National Science Foundation Award Number: IIS-0844226
Cluster Exploratory (CluE) project

Summary of annual report, January 2011

Research and Education Activities:

The primary and original goal of our work in CLUE is to use large corpora to find synonyms of words and phrases that are useful to improve retrieval effectiveness. These techniques are statistical and so often find related words that a person might not classify as a synonym, so we also call them quasi-synonyms. We have been exploring a range of methods for (1) extracting quasi-synonyms, (2) evaluating the quality of extracted quasi-synonyms, (3) incorporating quasi-synonyms into query processing, and (4) evaluating the impact of that query processing on document retrieval.

So far we have used word context to identify quasi-synonyms. That is, if two words are used in the same context frequently, they are likely to be quasi-synonyms. We have identified related words from document text, from query logs, and from anchor text. We have used unigram contexts and n-gram contexts. We have evaluated quasi-synonyms we found by inspection, by having human annotators look at some instances, and by comparing to synonyms from existing thesauruses. We have evaluated the effectiveness of query reformulation on public TREC collections.
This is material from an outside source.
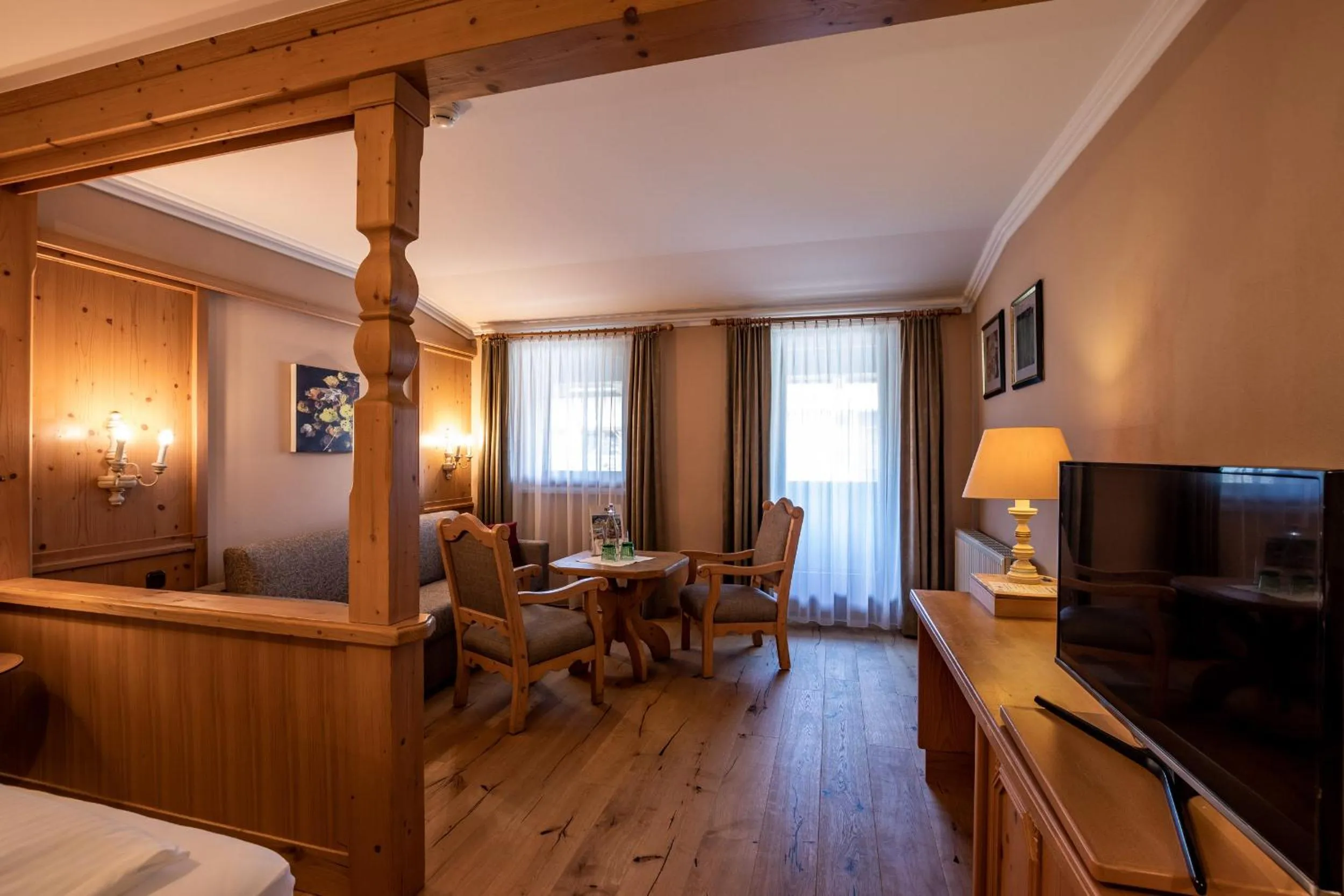 Seating area, Bed in Hotel Hochfilzer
Particularly in the second year of our work on this project, we have extended our investigations to other types of term and phrase relationships. We are still looking at massive-scale data analysis, a key challenge of the CLUE program. However, we also consider methods for supporting and estimating document-document (or page-page) similarities at a massive scale to improve aspects of retrieval that depend upon cross-corpus comparisons. We have further worked on finding term-document relationships that allow us to build better queries to improve recall, including finding additional documents (pages) that are highly similar to the one at hand. In addition, we have explored methods for extracting anchor text from Web page links and using that information to boost retrieval effectiveness in ways similar to the ways that query logs are used.

The underlying goal of all work on this project has been to find statistical relationships between terms, between documents, and between terms and documents -- statistical relationships that in turn can be leveraged to improve retrieval accuracy. Some of our efforts have not born fruit, but most have appeared in or been submitted to major research conferences, including SIGIR, CIKM, and WSDM.

We have also been developing Map/Reduce skills in our graduate students, in not just our research group but in the Department at large. PI Allan, along with Prof. David Smith (senior personnel) and another colleague ran a seminar in Spring 2009 on using Map/Reduce for large data tasks. A total of eight students participated in the readings, class discussions, and a final project. The class also included a visiting researcher from China.

Findings:

We have shown (Huston et al, WSDM 2011) methods for identifying repeated n-gram phrases in a massive scale collection using a cluster environment. The method offers an important tradeoff between speed and temporary storage space, scales almost linearly in the length of the sequence, and provides a uniform workload balance across the processors in the cluster.

We have shown (Cartright et al, CIKM 2010) that query expansion can be performed extremely quickly -- so that it is feasible in a production environment. We showed an approach that depends upon document-document similarities and presented ways to scale that approach to massive document collections. Our approximation methods reduced the running time by several orders of magnitude without adversely impacting effectiveness.

This work is supported by the National Science Foundation (Award Number IIS-0844226).